TrillionDollarWords

Documentation for TrillionDollarWords.

TrillionDollarWords.BaselineModelMethod
(mod::BaselineModel)(atomic_model::HGFRobertaForSequenceClassification, queries::Vector{String})

Computes a forward pass of the model on the given queries and returns the logits.

source
TrillionDollarWords.BaselineModelMethod
(mod::BaselineModel)(atomic_model::HGFRobertaModel, queries::Vector{String})

Computes a forward pass of the model on the given queries and returns the embeddings.

source
TrillionDollarWords.BaselineModelMethod
(mod::BaselineModel)(queries::Vector{String})

Computes a forward pass of the model on the given queries and returns either the logits or embeddings depending on whether or not the model was loaded with the head for classification.

source
TrillionDollarWords.get_embeddingsMethod
get_embeddings(atomic_model::HGFRobertaForSequenceClassification, tokens::NamedTuple)

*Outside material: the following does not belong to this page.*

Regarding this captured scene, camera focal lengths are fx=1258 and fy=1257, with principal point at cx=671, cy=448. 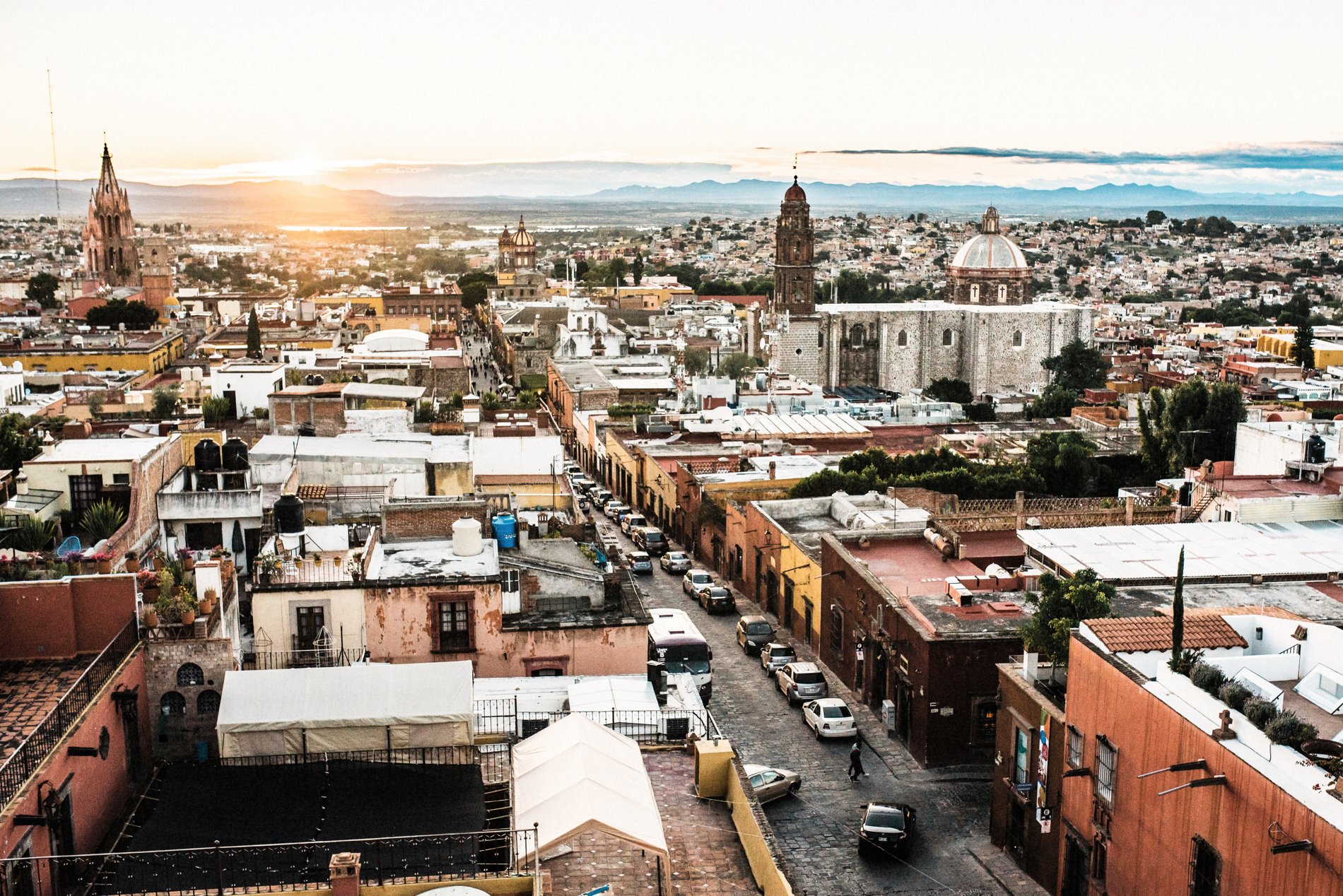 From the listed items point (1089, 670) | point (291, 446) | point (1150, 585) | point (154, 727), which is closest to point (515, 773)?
point (154, 727)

Extends the embeddings function to HGFRobertaForSequenceClassification. Performs a forward pass through the model and returns the embeddings. Then performs a forward pass through the classification head and returns the activations going into the final linear layer.

source
TrillionDollarWords.layerwise_activationsMethod
layerwise_activations(mod::BaselineModel, queries::DataFrame)

Computes a forward pass of the model on the given queries and returns the layerwise activations in a DataFrame where activations are uniquely idendified by the sentence_id. If output_hidden_states=false was passed to load_model (default), only the last layer is returned. If output_hidden_states=true was passed to load_model, all layers are returned. The layer column indicates the layer number.

Each single activation receives its own cell to make it possible to save the output to a CSV file.

source
TrillionDollarWords.layerwise_activationsMethod
laywerwise_activations(mod::BaselineModel, queries::Vector{String})

Computes a forward pass of the model on the given queries and returns the layerwise activations for the HGFRobertaModel. If output_hidden_states=false was passed to load_model (default), only the last layer is returned. If output_hidden_states=true was passed to load_model, all layers are returned. If the model is loaded with the head for classification, the activations going into the final linear layer are returned.

source
TrillionDollarWords.load_all_dataMethod
load_all_data()

Load the combined dataset from the artifact. This dataset combines all sentences and the market data used in the paper.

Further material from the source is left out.